A pointer to the enclosing spreadsheet. This is already there in the form of an access discriminant.
The current evaluation number, as explained above.
A flag to record if it is currently being evaluated. If this flag is set and the cell is asked to evaluate itself it indicates that there’s a circular reference, and we can use this to detect circular definitions and raise a Circularity_Error.
A flag to record if an error occurred during evaluation.
A flag to record if the cell’s value is undefined or not.

The last three can be combined into a state variable based on an enumerated type since they’re mutually exclusive; a cell is either being evaluated, or it’s erroneous, or it’s either defined or undefined. I’ll also have another value for when its state is unknown:

    type Cell_State_Type is (Unknown, Evaluating, Defined, Undefined, Error);

The Unknown state can be used as an initial value before the cell has been evaluated for the first time:

    type Cell_Type (Sheet : access Spreadsheet_Type'Class) is
                                    abstract new Limited_Controlled with
        record
            State : Cell_State_Type := Unknown;
            Eval  : Evaluation_Number;
        end record;

During evaluation the cell will be in the Evaluating state; at the end of evaluation it will end up as Defined, Undefined or Error.

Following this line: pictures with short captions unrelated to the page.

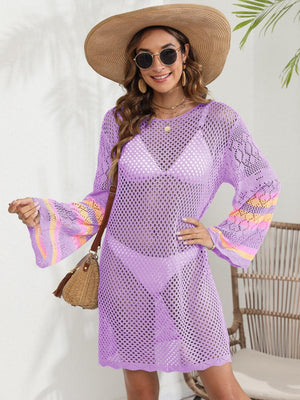 a woman wearing a purple dress and hat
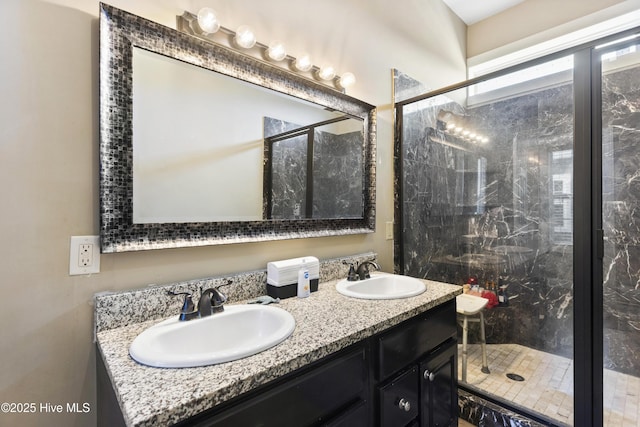 bathroom with a shower with door and vanity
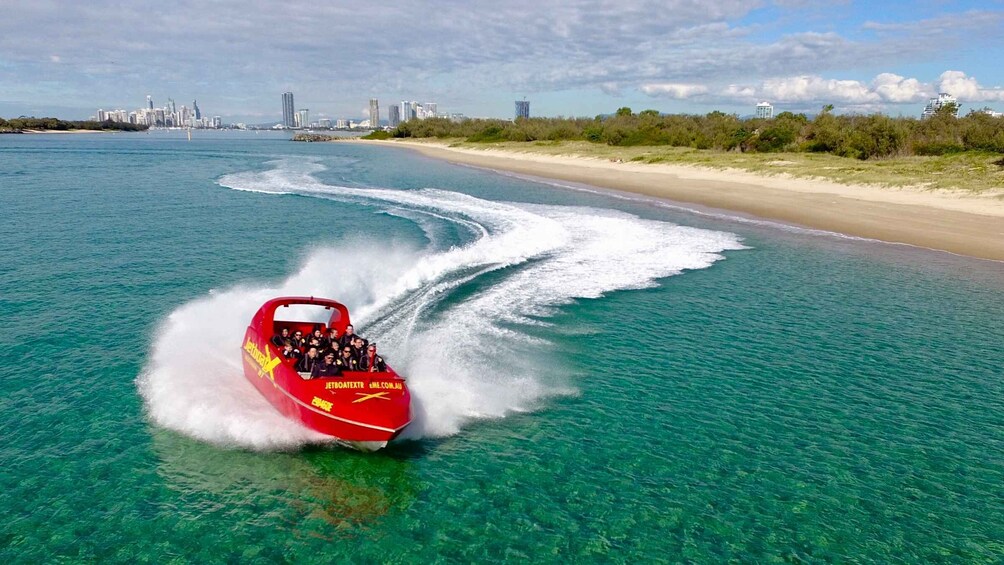 Picture 1 for Activity Surfer's Paradise: Jetboat Ride and Surf Lesson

Now we need to consider the derived types String_Cell_Type and Formula_Cell_Type. Here’s the full declaration for these types:

    type String_Cell_Type (Sheet : access Spreadsheet_Type'Class;
                           Size  : Natural) is new Cell_Type(Sheet) with
        record
            Text : String(1..Size);
        end record;

    type Formula_Cell_Type (Sheet : access Spreadsheet_Type'Class;
                            Size  : Natural) is new Cell_Type(Sheet) with
        record
            Text  : String(1..Size);
            Value : Integer;
        end record;

Notice how the full declarations have to provide the necessary discriminant (Sheet) for Cell_Type, unlike the declarations in the visible part of the package:

    type String_Cell_Type  (Sheet : access Spreadsheet_Type'Class;
                            Size  : Natural) is new Cell_Type with private;
    type Formula_Cell_Type (Sheet : access Spreadsheet_Type'Class;
                            Size  : Natural) is new Cell_Type with private;

Both types have a string to hold the cell contents, the size of which is given by their Size discriminants; Formula_Cell_Type also has an Integer component to record the result of evaluating the cell. The constructor functions for the two types can be defined like this:

    function String_Cell (Sheet : access Spreadsheet_Type'Class;
                          Value : String) return Cell_Access is
        Cell : Cell_Access := new String_Cell_Type (Sheet, Value'Length);
    begin
        String_Cell_Type(Cell.all).Text := Value;
        return Cell;
    end String_Cell;

    function Formula_Cell (Sheet : access Spreadsheet_Type'Class;
                           Value : String) return Cell_Access is
        Cell : Cell_Access := new Formula_Cell_Type (Sheet, Value'Length);
    begin
        Formula_Cell_Type(Cell.all).Text := Value;
        return Cell;
    end String_Cell;

Now we need to override the abstract operations inherited from Cell_Type. I’ll deal with String_Cell_Type first of all since it’s going to be simpler than Formula_Cell_Type.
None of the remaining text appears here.